> WORK REQUIRED
Omit the images, then repeat the listing exactly.

*** DATA PROVIDED Section Begins ***

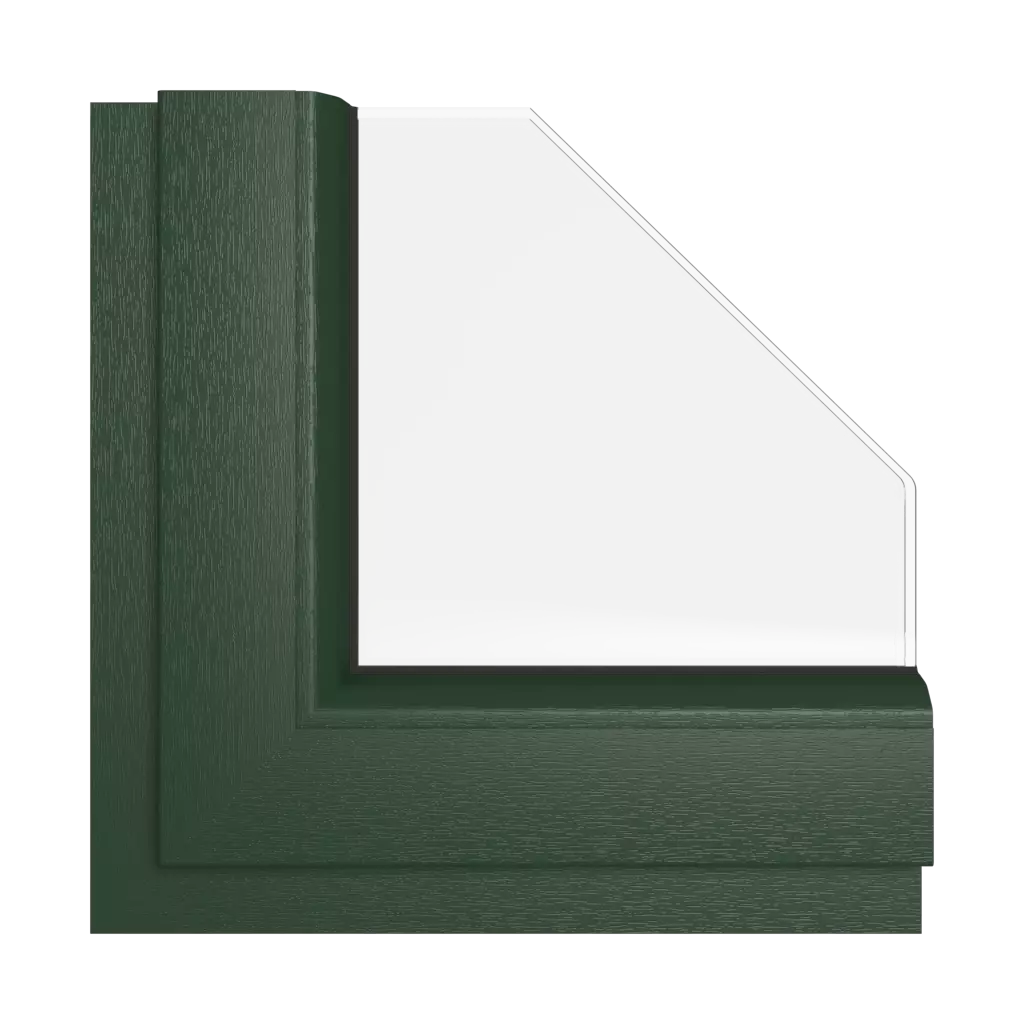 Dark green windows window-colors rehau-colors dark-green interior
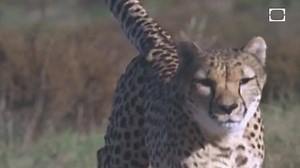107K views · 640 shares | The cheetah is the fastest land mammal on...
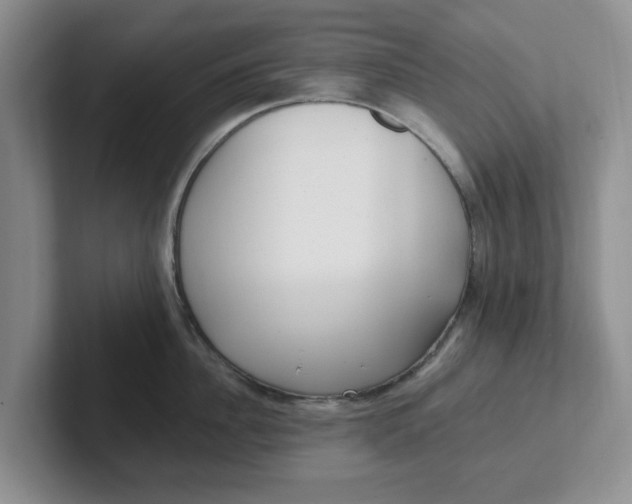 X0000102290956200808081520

*** DATA PROVIDED Section Ends ***

> ANSWER TO THIS EXERCISE
 Dark green windows window-colors rehau-colors dark-green interior
107K views · 640 shares | The cheetah is the fastest land mammal on...
 X0000102290956200808081520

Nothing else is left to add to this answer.